_Scraped caption text data_.
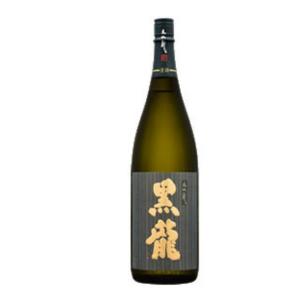 黒龍　大吟醸(黒龍酒造)　1800ml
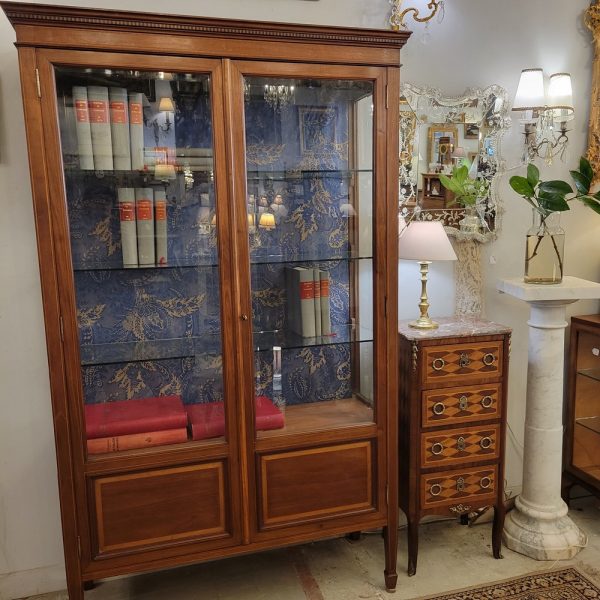 Bibliothèque Vitrée Directoire, époque XIXè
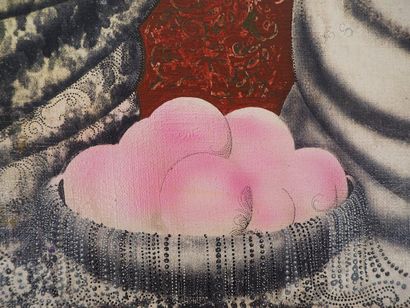 Modesto ROLDAN (1926-2014)
Precious fruit,...
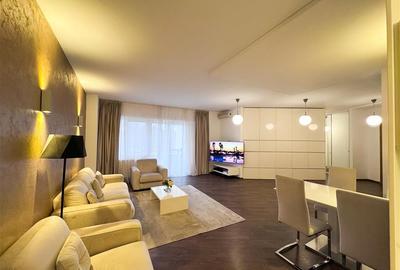 Apartament cu 3 camere decomandat, mobilat în Herăstrău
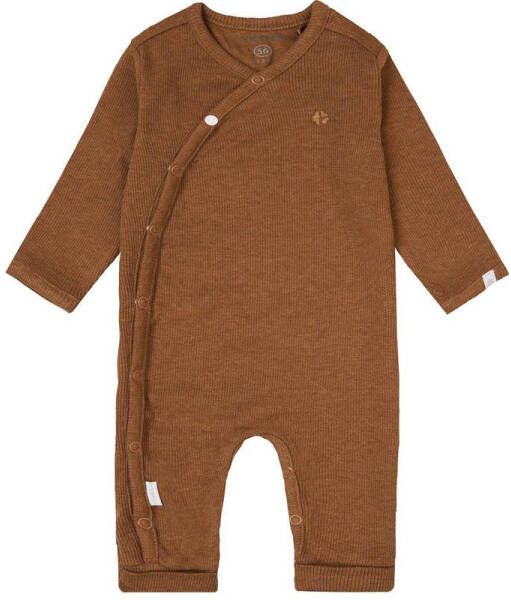 Noppies baby boxpak Nevis met katoen bruin Effen 50
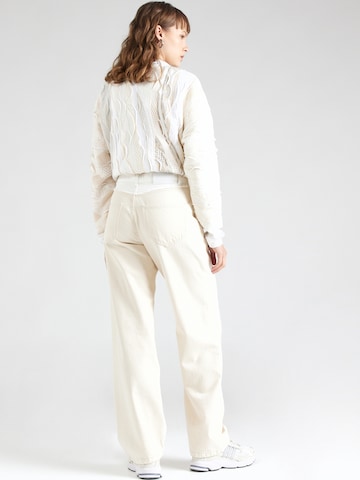 co'couture Wide Leg Jeans i beige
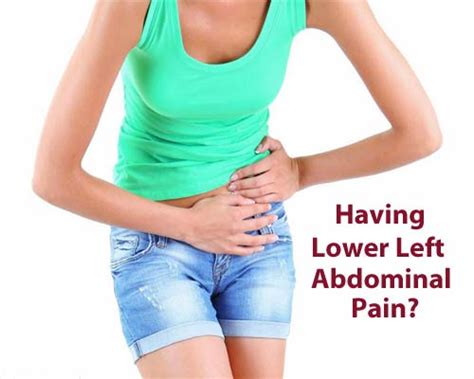 Pain in Lower Left Abdomen? 26 Causes and Treatments You Must Know - AimDelicious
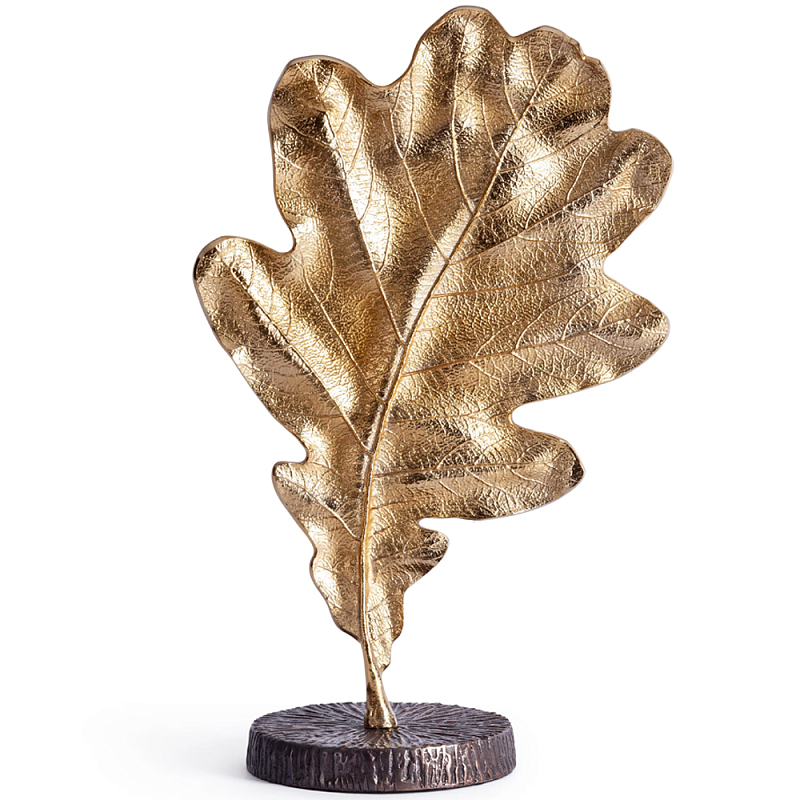 Статуэтка Metal Flowers Gold Black powder Золотой Черный Статуэтка Metal Flowers Gold Black powder Золотой Черный в Орле | Loft Concept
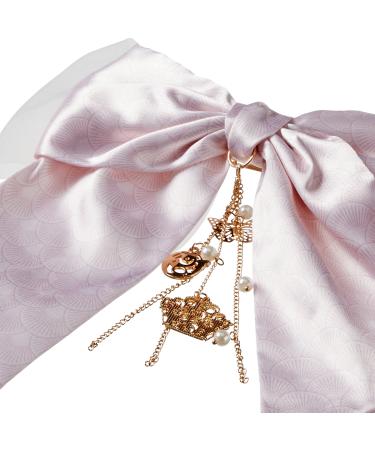 ScÃ¼nci Wicked Glinda Bow Barrette With Charms - Transform Your Style with the Best Innovation Today! - Buy Online on GoSupps.com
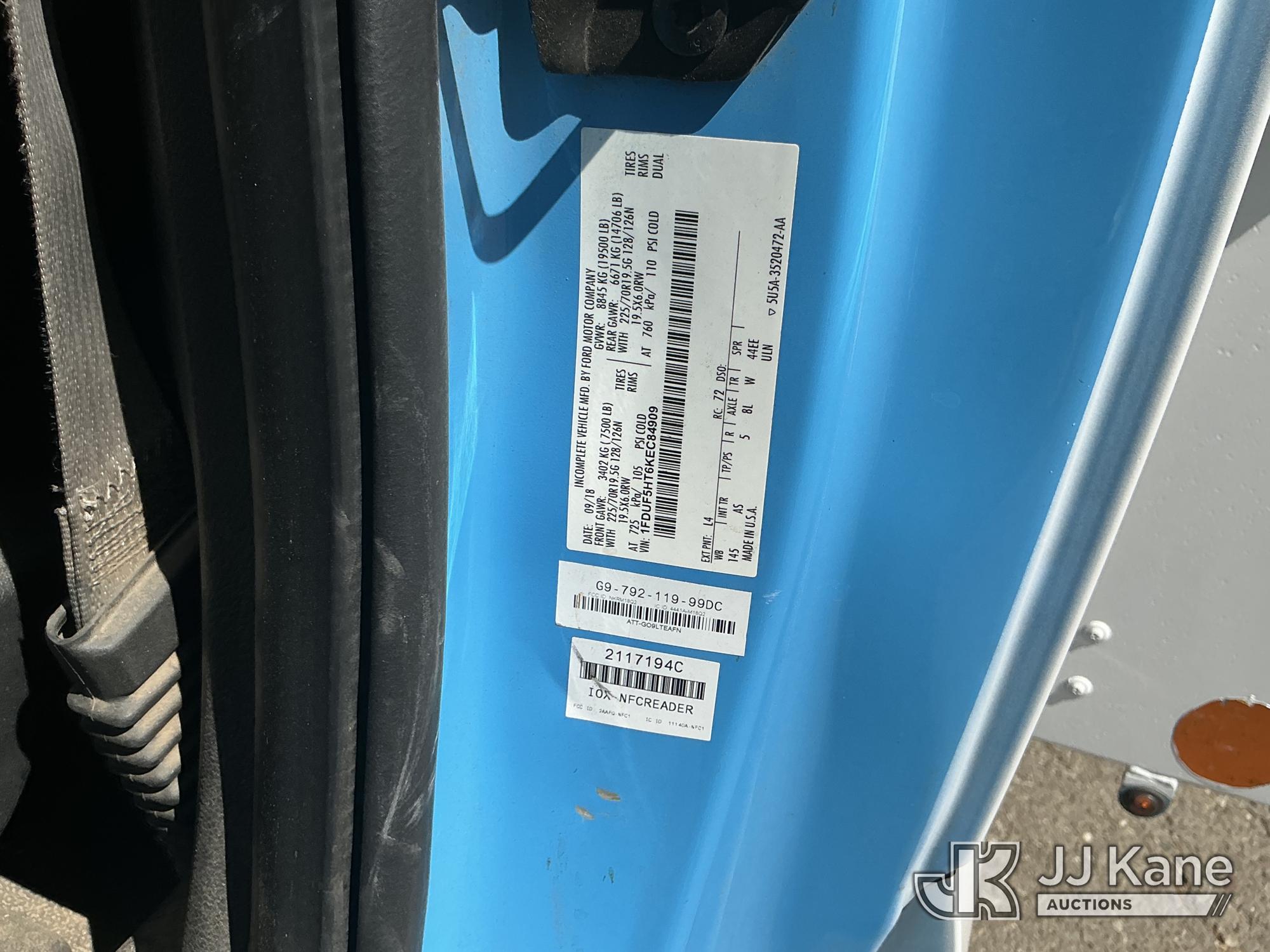 2019 Ford F-550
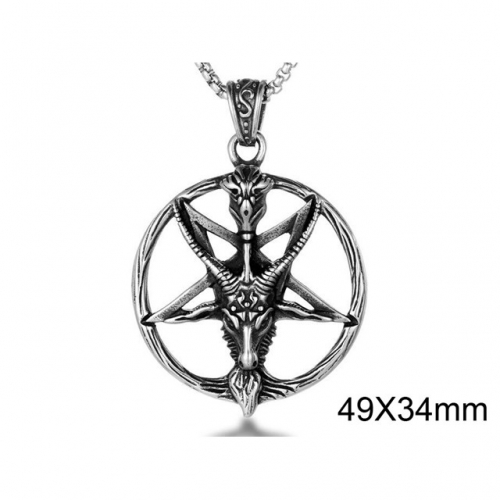 BC Wholesale Stainless Steel 316L Jewelry Pendant Without Chain NO.#SJ3P263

_Required action_. Your reply should restate every entry exactly, with the pictures left out.

_Problem solution_.
 黒龍　大吟醸(黒龍酒造)　1800ml
 Bibliothèque Vitrée Directoire, époque XIXè
 Modesto ROLDAN (1926-2014)
Precious fruit,...
 Apartament cu 3 camere decomandat, mobilat în Herăstrău
 Noppies baby boxpak Nevis met katoen bruin Effen 50
 co'couture Wide Leg Jeans i beige
 Pain in Lower Left Abdomen? 26 Causes and Treatments You Must Know - AimDelicious
 Статуэтка Metal Flowers Gold Black powder Золотой Черный Статуэтка Metal Flowers Gold Black powder Золотой Черный в Орле | Loft Concept
 ScÃ¼nci Wicked Glinda Bow Barrette With Charms - Transform Your Style with the Best Innovation Today! - Buy Online on GoSupps.com
 2019 Ford F-550
 BC Wholesale Stainless Steel 316L Jewelry Pendant Without Chain NO.#SJ3P263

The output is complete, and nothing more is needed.